Die Straße nach Narok ist wunderbar geteert und Chris gibt Gas, um die verlorene Zeit aufzuholen. Wobei … Gas ist ein großes Wort. Mehr als 110 km/h schafft der Landi nicht. Und nicht mal das. Denn in the middle of nowhere fängt der Landi an zu qualmen. Sehr stark zu qualmen! Chris hält an, ich zücke mein Handy und – nichts. Kein Netz! Ähhh… und jetzt? Chris öffnet die Motorhaube und wir starren hinein. Der Motor starrt zurück und qualmt. Sch… Situation!
Kein Auto in Sicht – aber ein Mofa und das hält an. Der nette Mofafahrer ist Automechaniker. Halleluja! Er schaut mit offenbar wesentlich mehr Erfolg in den Motor und murmelt was von „Vipa“. ??? Chris schaut mich fragend an: „Was ist kaputt?“ Männer müssen immer alles genau wissen… Also beginnt eine ziemlich langwierige Diskussion mit dem Mechaniker, an deren Ende Chris zugibt genauso wenig zu wissen, wie vorher. Aber gut, dass sie darüber geredet haben…
Da unser Werkzeug auch eher dem Zustand des Autos entspricht, schwingt sich unser Retter auf sein Mofa und besorgt das Werkzeug, was man so für (oder gegen?) Vipa braucht.
Nach kurzer Zeit kommt unser Held zurück, beladen mit diversen Wasserbehältern, Flaschen, Werkzeugen und einem zweiten Mann. Wir verstehen, dass der Schlauch zum Kühler verstopft ist und dieser Umstand für Viper verantwortlich ist. Langsam dämmert uns, dass Vipa wohl Vapour heißen sollte – nichts anderes als blöder, stinknormaler Dampf
Nach unzähligem Spülen, Freiblasen und einigen Flaschen Coolant für den Kühler, läuft unser Landi wieder. Juhu! Unser Hochgefühl bekommt einen harten Dämpfer, als es an die Rechnung geht. Wir müssen 10.000 KSH (unser gesamtes Bargeld) und 40 $ berappen. Und das ist noch nicht alles. Inzwischen hatten sich zwei weitere Mofas mit Zuschauern zu uns gesellt – die nun auch bezahlt werden wollen. Ich glaub es hackt!

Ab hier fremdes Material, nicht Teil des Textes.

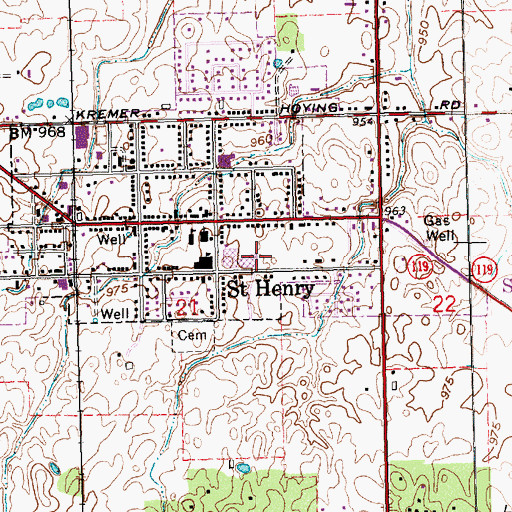 Topographic Map of Saint Henry Middle School, OH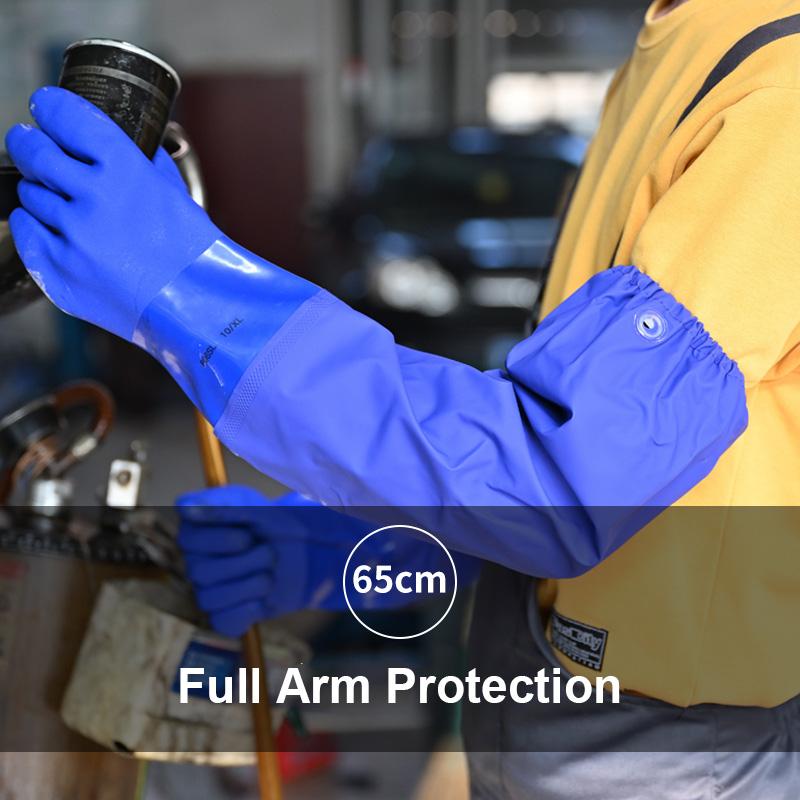 65CM Chemical Gloves Thicken Oil/Acid/Alkali Resistant Water Proof Lining Cotton PVC Industrial Reusable Protective Glove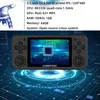 A portable gaming console is displayed against a futuristic, digital background with technical diagrams and circuit board motifs. Produktbild-Vorschau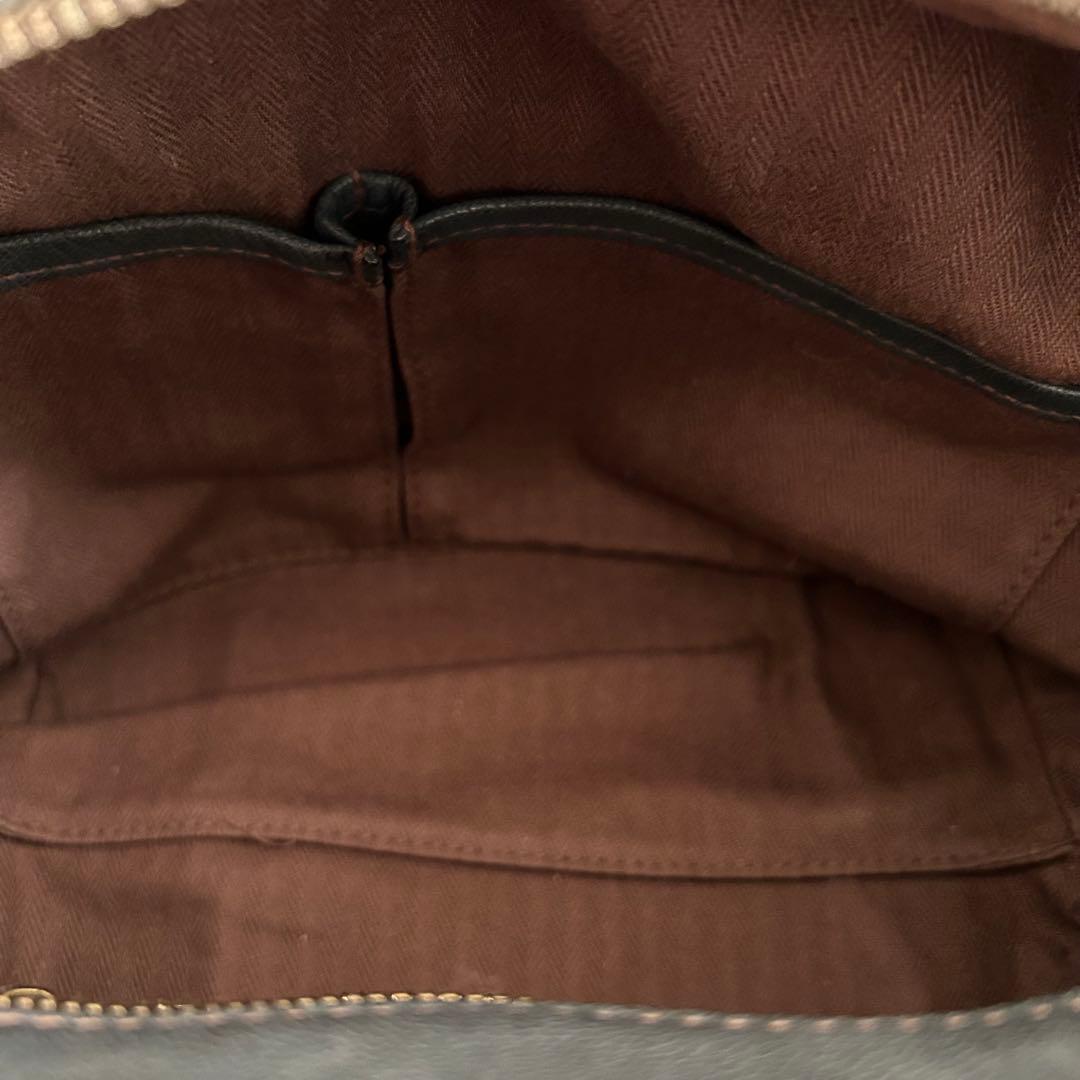 美品ゲンテン ショルダーバッグ 2way 山羊革 ゴートスキン ヌメボストン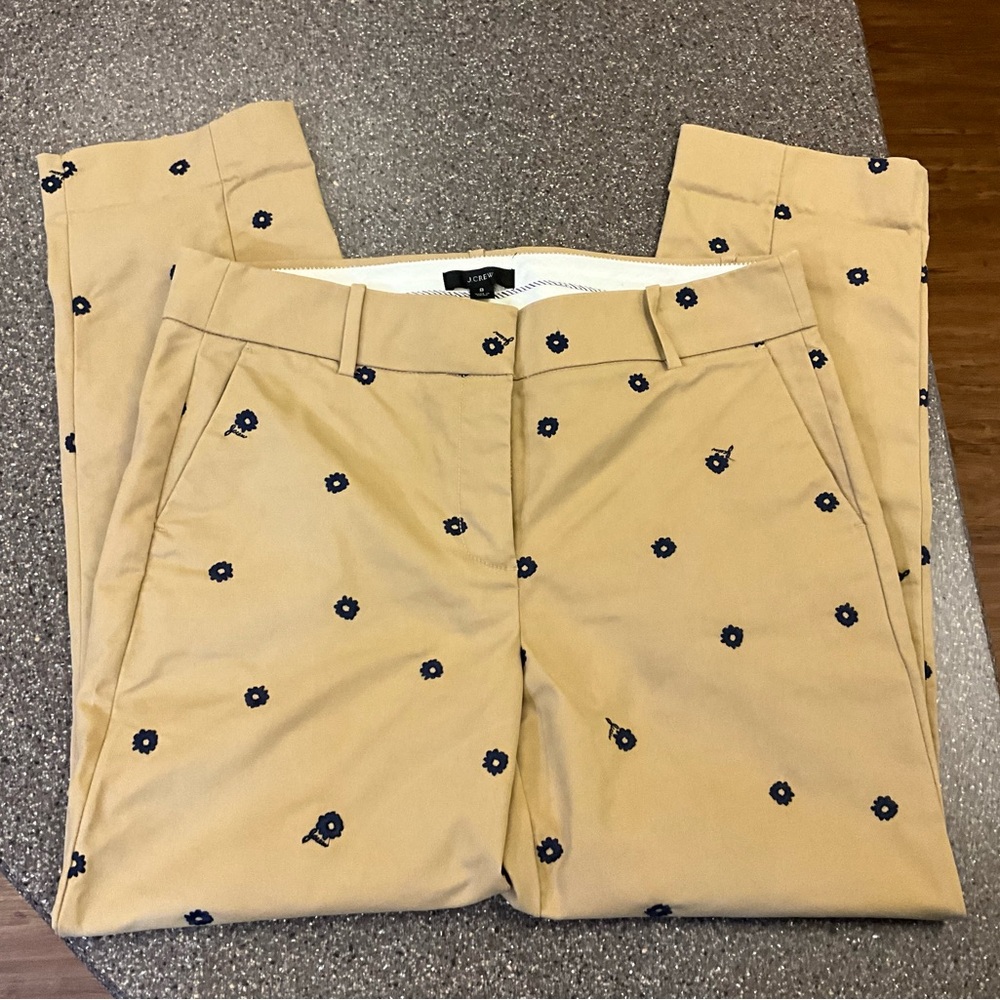 J.Crew Khaki Pants w/ Embroidered Navy Flowers
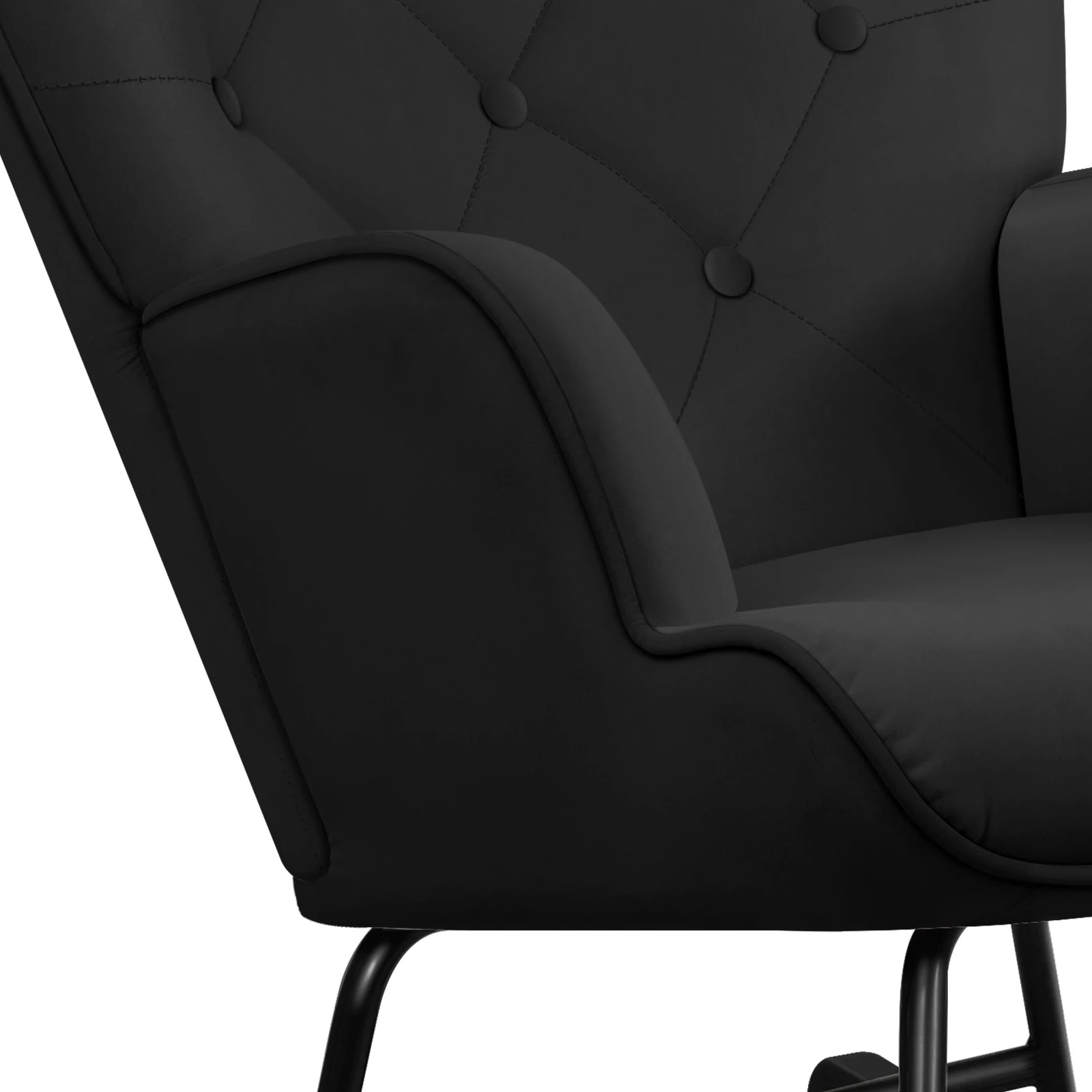 8 Alfordson Armchair Rocking Chair Accent Feeding Chair Lounge Sofa Couch - Black, 8 of 9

Die Show war zwar nicht der Hammer, aber Zuschauer bezahlen geht gar nicht. Vor allem: mit was? Unsre letzte Kohle ist grad durch den Kühlerschlauch geblasen worden…
Währen der nächsten km bis Narok hat unser frisch reparierter Landi wieder genügend Zeit heiß zu laufen. Suuuuuper! (im Laufe der Zeit stellen wir fest, dass die Karre immer heiß wird, wenn sie schneller als 70km/h läuft, egal womit der Kühler befüllt wird). Wir schätzen dass wir Benzin brauchen (halb leer) und wissen, dass wir Bargeld benötigen (ganz leer). Als wir Narok verlassen, ist es später Nachmittag und wir haben noch 3 Stunden bis zur Aruba Lodge in Talek.